金環日食に背を向ける


昨日の朝、多くの方々がヘンテコなメガネ越しに東の空を眺めたってワケなのだけども… なんだかマスコミが猛烈に騒ぎ過ぎたような気配が濃厚にあった金環日食
ふだんなら意見が違う見解がトップページにおどる各新聞のネットのページは、昨日の早朝は皆、この日食の記事だった。
朝日と読売が、「いよいよ金環日食」と、朝の6時頃に載せてたフレーズがほぼ同じだったのには苦笑もしたけど、なんか付和雷同でむずがゆいのだった。
宇宙のニュースとしては、たぶんに… 米国で、人類史初めての、"民間の商用宇宙船を打ち上げる"というのが、当然に金環と併せて載ってもイイはずなのに… 不思議だけども、日本ではほとんど報じられなかった。
ISS国際宇宙ステーションとのドッキングをめざす米国スペースエックス社の宇宙船「ドラゴン」は、打ち上げ直前のカウントダウンが自動停止しちゃったから、発射は延期されて、たぶん、今日になるんだろうけど… 人類の宇宙史にとっては、おそらく大きな転機点となる、これはイベントなのだ。
NASAからも300億くらいの資金援助と技術援助があるとはいえ、初の民間ロケットの商用なんだから… カウントダウン中に停止しちゃったけど、再開はスグだぞ〜! の報道が欲しかった…。
スペースエックス社のオーナーはIT系の企業で成功して、その会社を売って、宇宙ビジネスに乗り出した人で、たしかまだ40歳になってもいないんじゃなかったかな?
ま〜、たぶん、これから、打ち上げが成功して無事にドッキングしたなら日本でもニュースとして流されるには違いないとは思うけど… 日本の報道というのは、どうもイビツでやんすな〜。
金環が見られた! 見るコト出来なかった! 的なマトメに終始してるだけで、一向に… 面白みも展望もないのだった。
天体の運行をニュースの筆頭にあげるなら、この民間初の輸送船(無人)も同列で扱って欲しかったし、リングが見えた・見えない… も、確かに大事じゃあるけれどさ、それがもたらした『感触』に触れてくれないのもまた、残念なのだった。
太陽の強烈さ、というのをホントは実感すべきな天体ショーが、この日食だったとボクは思ってるワケだ。
今は、立ってる場所の緯度と経度が判れば、こたびの食の最大時間は判る。
岡山の某所に住まうボクの場合は、これが7時34分21秒なのだった。
曇ってダメだろうとの予想に反して、6時頃から日光が目映かったから、外に出た。
リングを見るためのフィルターもメガネも持っちゃいない。
何をしたかったかといえば… 太陽と月と地球の位置がもたらす気温の変化を知覚したかったんだ。
なので、太陽に背を向け、亀のように、小1時間を過ごしたんだ。

食がはじまってスグに、明らかに空気の組成が変わったよ。
気温が下がったという知覚ではなくって、なんか太陽の光のエキスから何かが抜かれちゃってる… みたいな頼りなさを、ボクは背中に感じたな。
あいかわらず、自分の影は小庭(というかミニ菜園)に映じてるんだけども、なんか感触が違うのだ。
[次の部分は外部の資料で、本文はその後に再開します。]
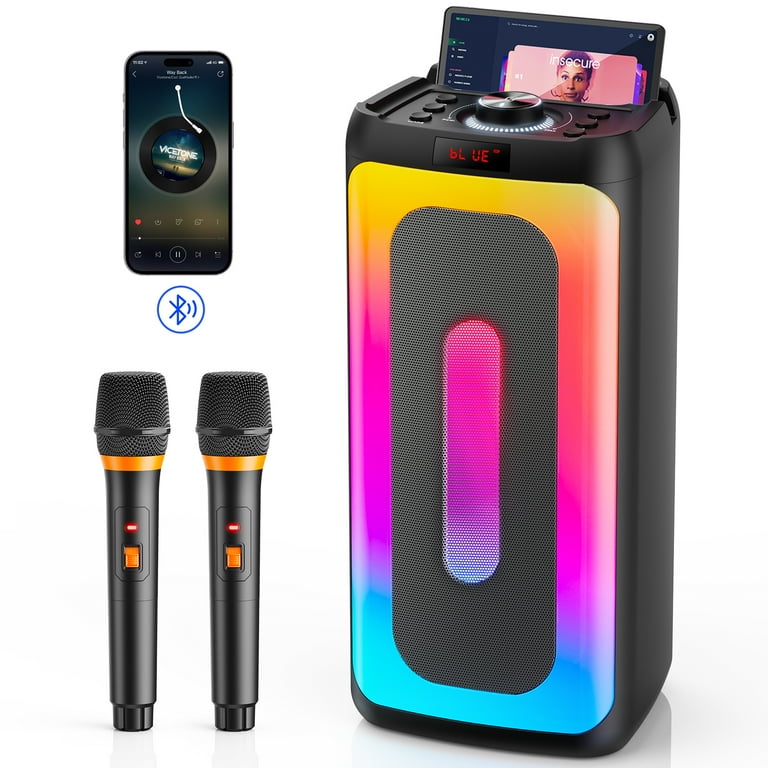 JYX Karaoke Machine, Portable Bluetooth Speaker with 2 Wireless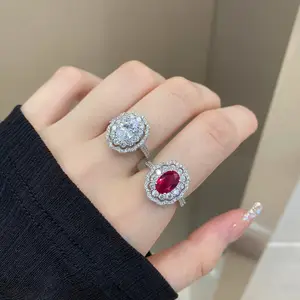 Custom Flower Shape Cz Cubic Zirconia Jewelry Ruby 925 Sterling Silver Ring Engagement Wedding Eternity Band Rings For Women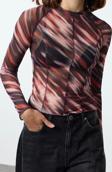 Stil Kadın Karyoka Dikişli Soyut Desenli Vücuda Oturan Kısa Bluz Crop Örme Slim Kalıp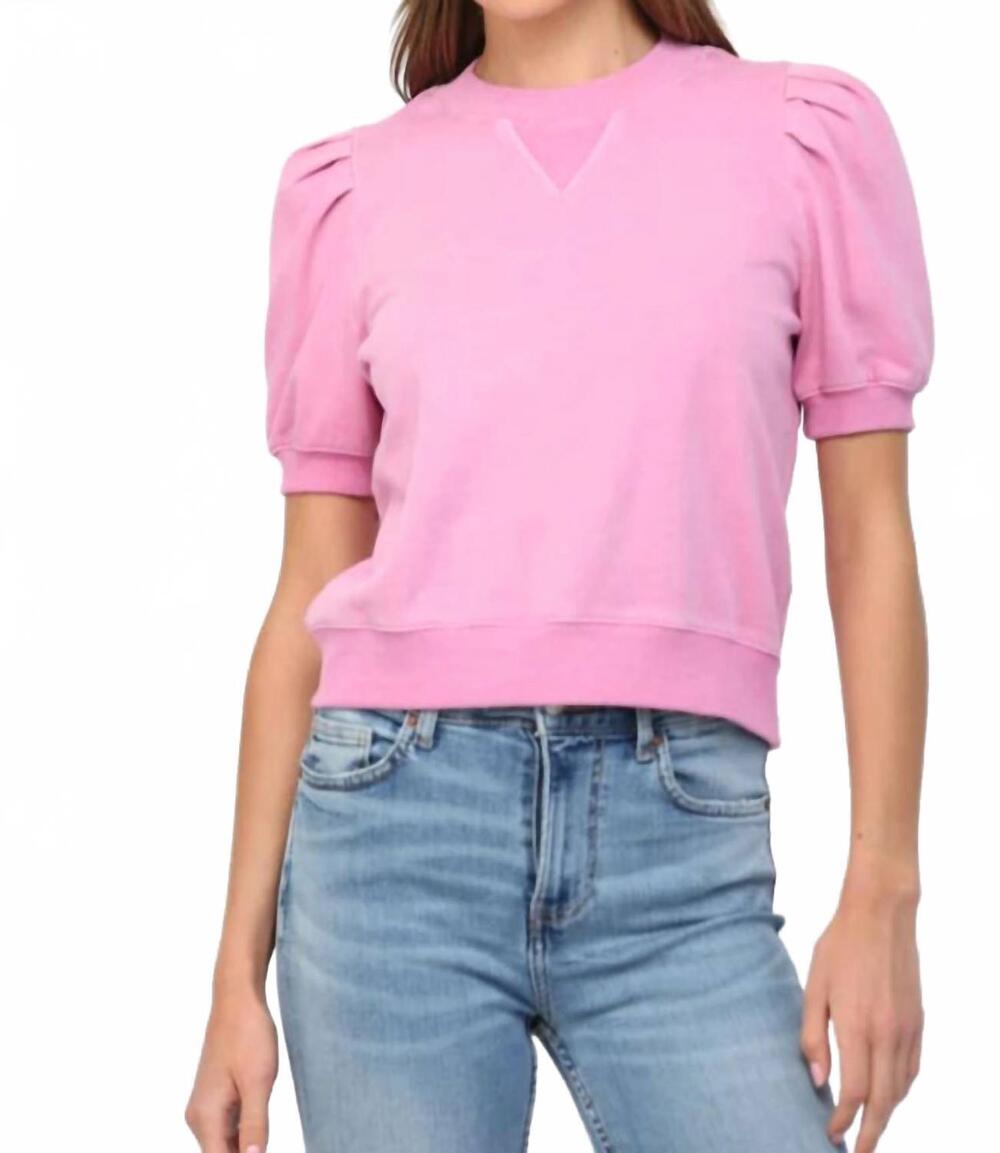 NEW FATE bubble sleeve crew top in pink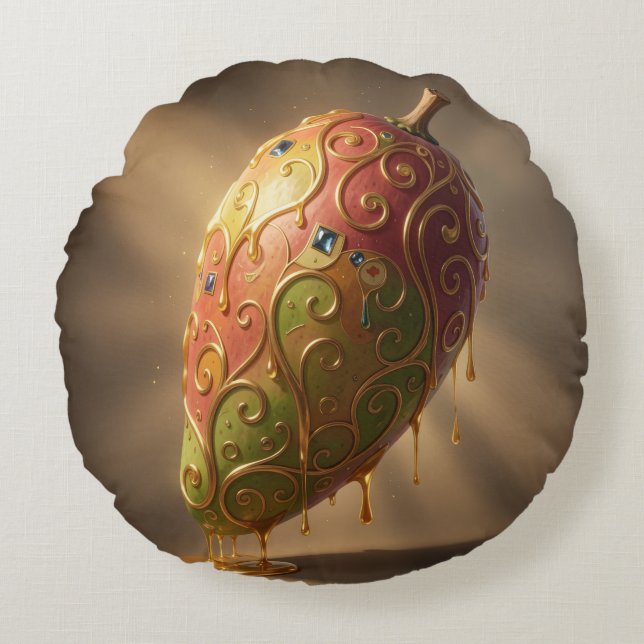 Mango – Tropical Fruit Full of Flavor´6 Rund Kudde (Framsidan)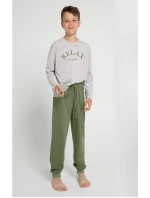 Chlapecké pyžamo 3090 SAMMY Světle béžová s tmavě zelenou - Taro Chlapecké pyžamo 3090 SAMMY Světle béžová s tmavě zelenou - Taro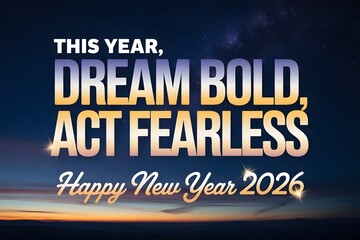 Dream Bold Act Fearless Happy New Year 2026 inspirational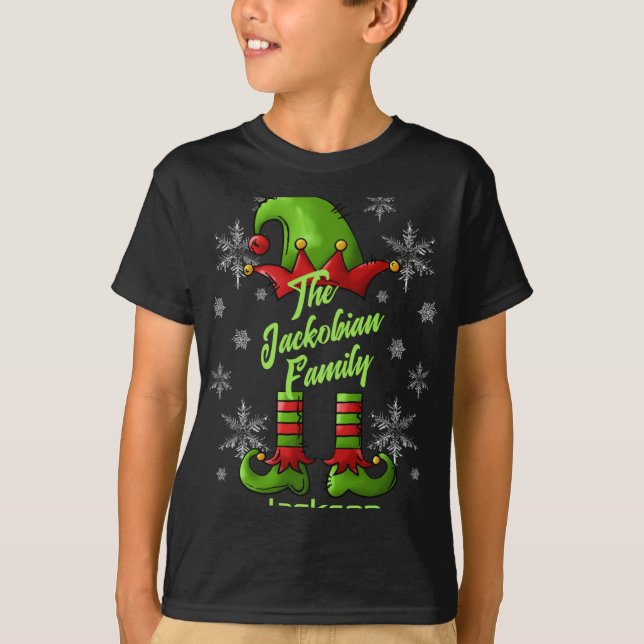 Family Name Year Reunion Matching Christmas Elf T  T-Shirt (Vorderseite)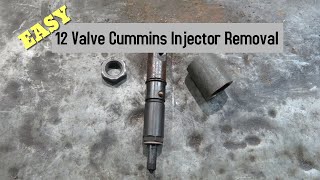 12 Valve Cummins Injector Removal NO SPECIAL TOOLS [upl. by Ocirnor292]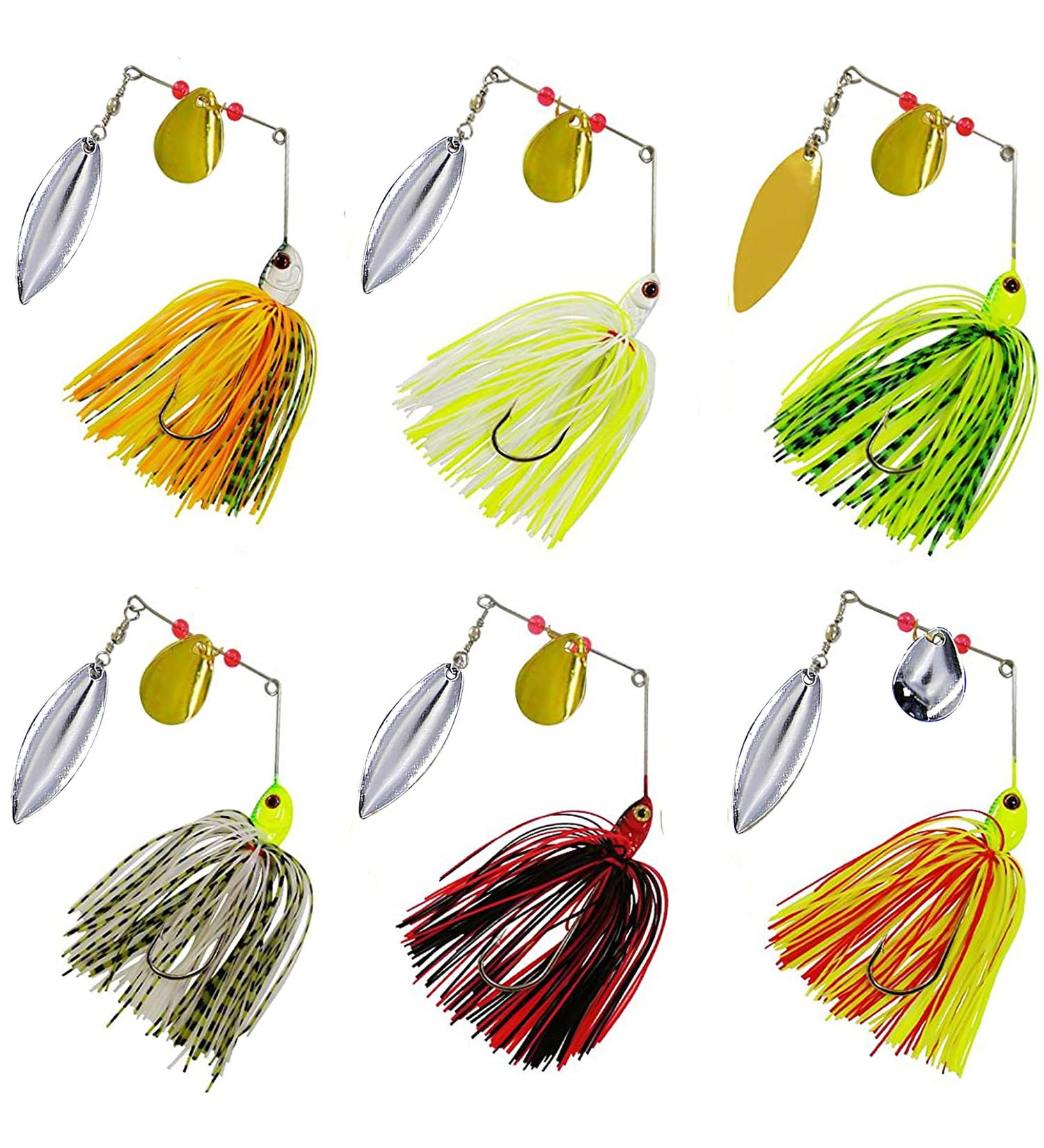 Fishing Spinner Baits Kit - Multicolor Hard Spinner Lures for Pike Bass - 0.64oz - 6pcs Swimbaits Buzzbait Set - Buy Online on GoSupps.com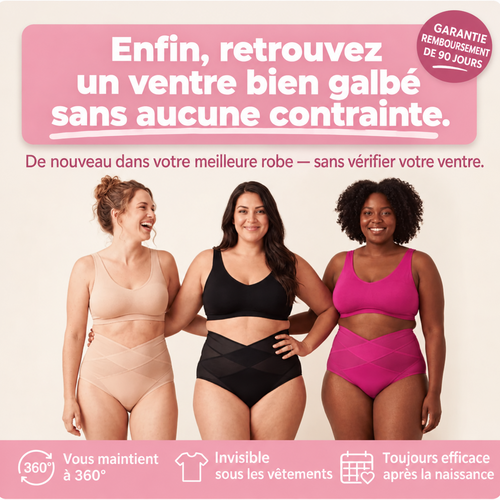 Culotte gainante taille haute Lucérya à bandes croisées, maintien 360° du ventre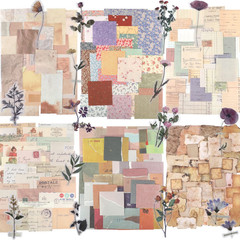 Papel Vintage para Scrapbook Kit de Suministros Flores y Pegatinas Diario Retro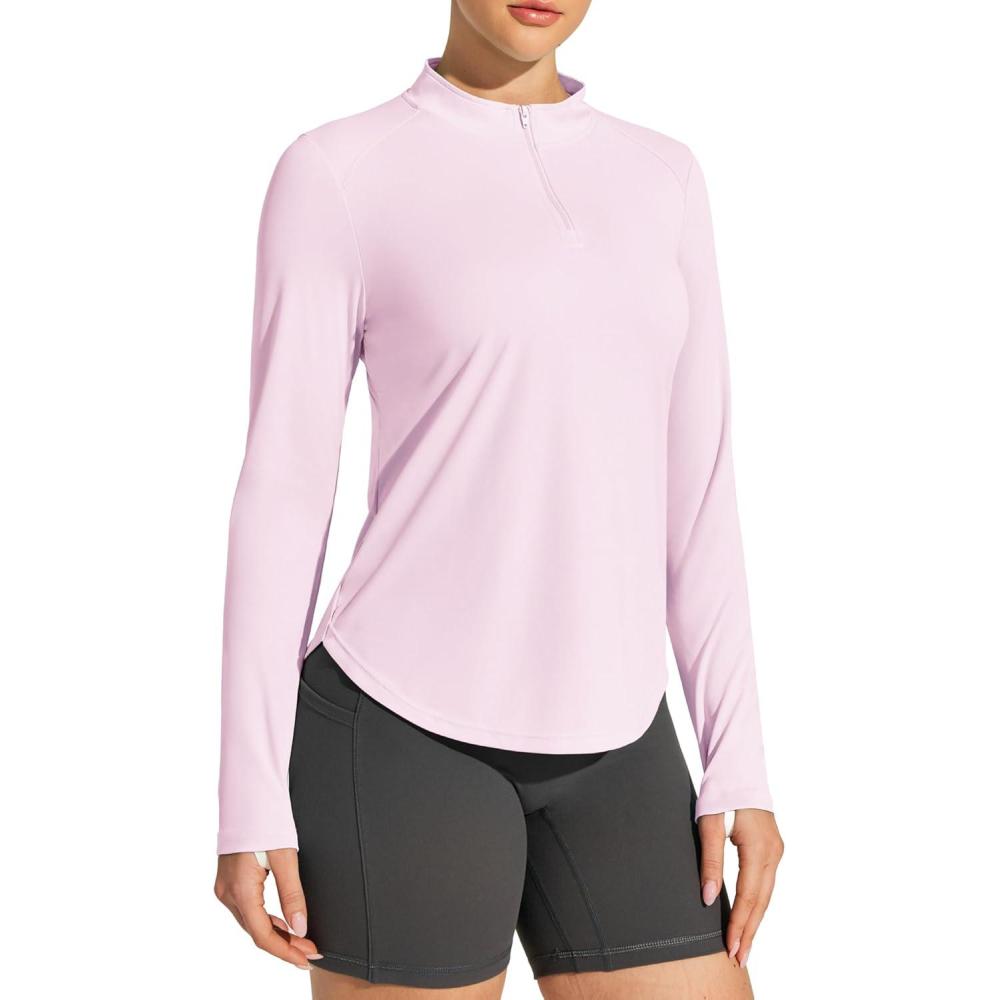image:imageIUGA 14 Zip Womens Golf Shirt Long Sleeve Rash Guard UPF 50 Workout Tops Quick Dry Athletic Running Hiking Sun ShirtsPink
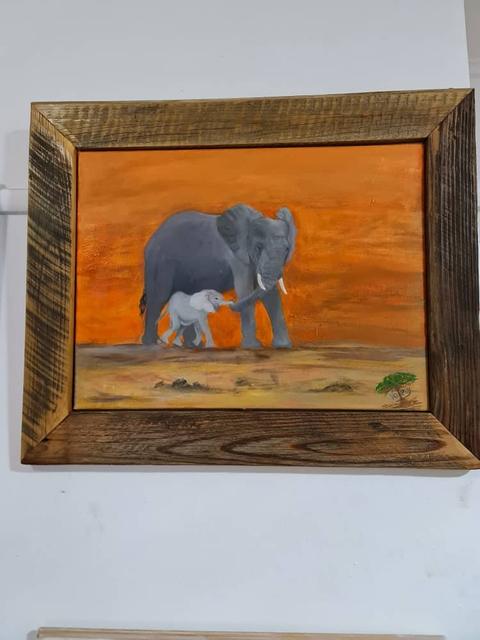 Painting by Vallery Bowyer: elephant and calf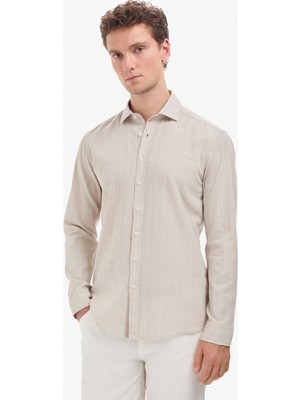 Pierre Cardin Erkek Bej Regular Fit Uzun Kollu Gömlek 50320900-VR011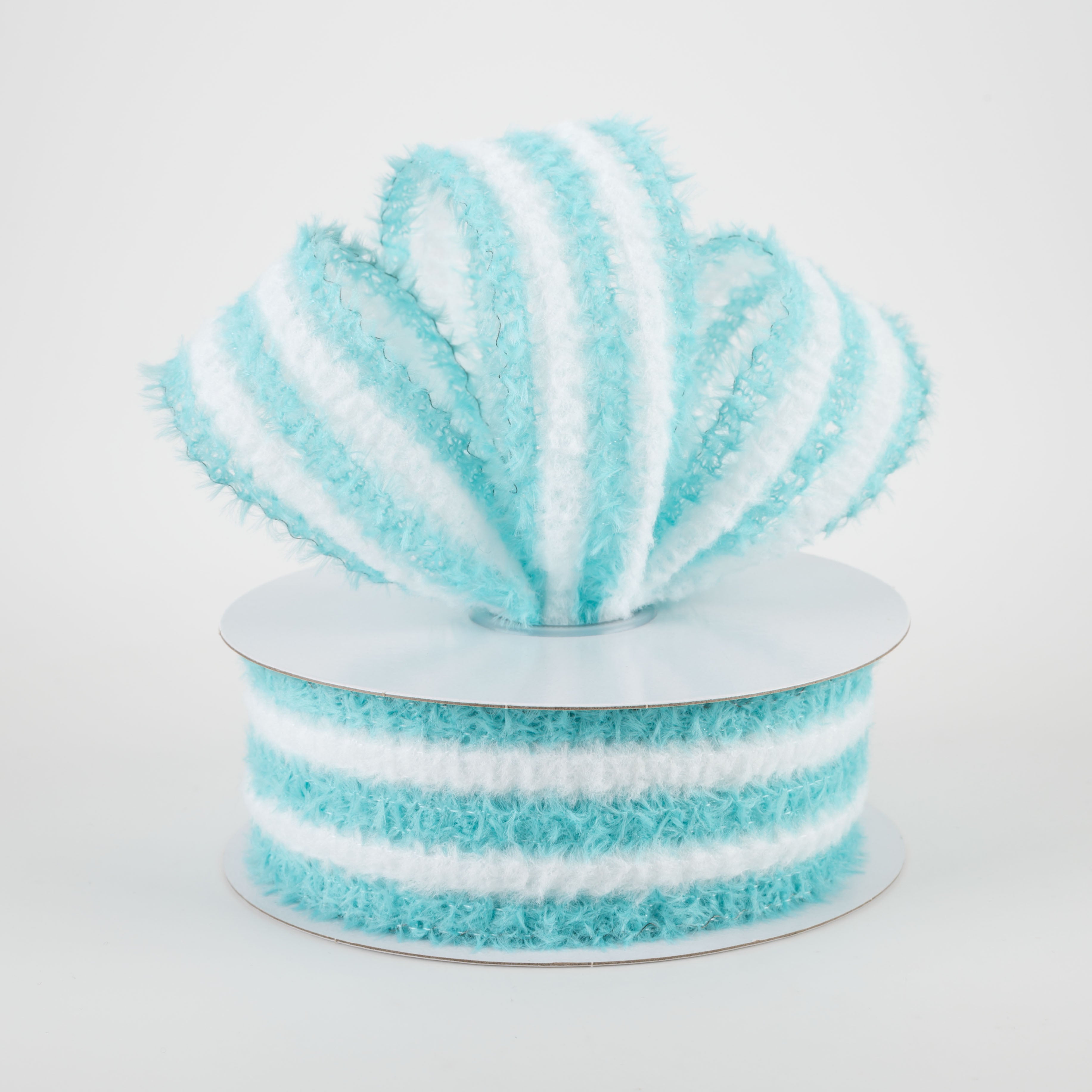 1.5" Fuzzy Stripes Ribbon: Aqua & White (10 Yards) Lifestyle Photo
Tシャツのコットン地を通して背中や、耳の後ろや、後頭部が、数分前までは感じてたモノの大部分を急に奪われたような感じが、した。
うまく表現出来る言葉がない…。ないけど、何かが顕らかに違う。マチガイなく気温も下がったと思う。
月が太陽をさえぎっただけで、こうも違うんだとハッキリ諭された。
これは、すごっく面白かった。
で、食が最大となる7時34分21秒頃に、手にしたiPhoneで自分の影を撮影した。
太陽、月、地球が、ものすごい速度で移動してるのを背に感じつつ、だよ。
この感覚ですわな。
リングがど〜たらは… どうでもよいワケでもないけど、"見た"ってコトではなくって、皮膚の感覚として、地球人たるコトを感じたかったのだわさ。
あえて直視しないことでボクは、太陽系を背中に感じたんだ、と思う。
ちょっと大袈裟ですけどね。
……………
バカな話だけど…、地球を滅ぼすには巨大なダンボール紙1つあればイイのではないかしら。
実に安上がり。
丸くカットした、月くらいな大きさのダンボールを宇宙空間に置けばいいのだ。
小さなエンジンを付けて、太陽と地球の間で、昨日の月と同様な位置を保持させればいい。
たちまち、地球は気温がさがって、我が菜園のトウモロコシもトマトもグッタリだぞ。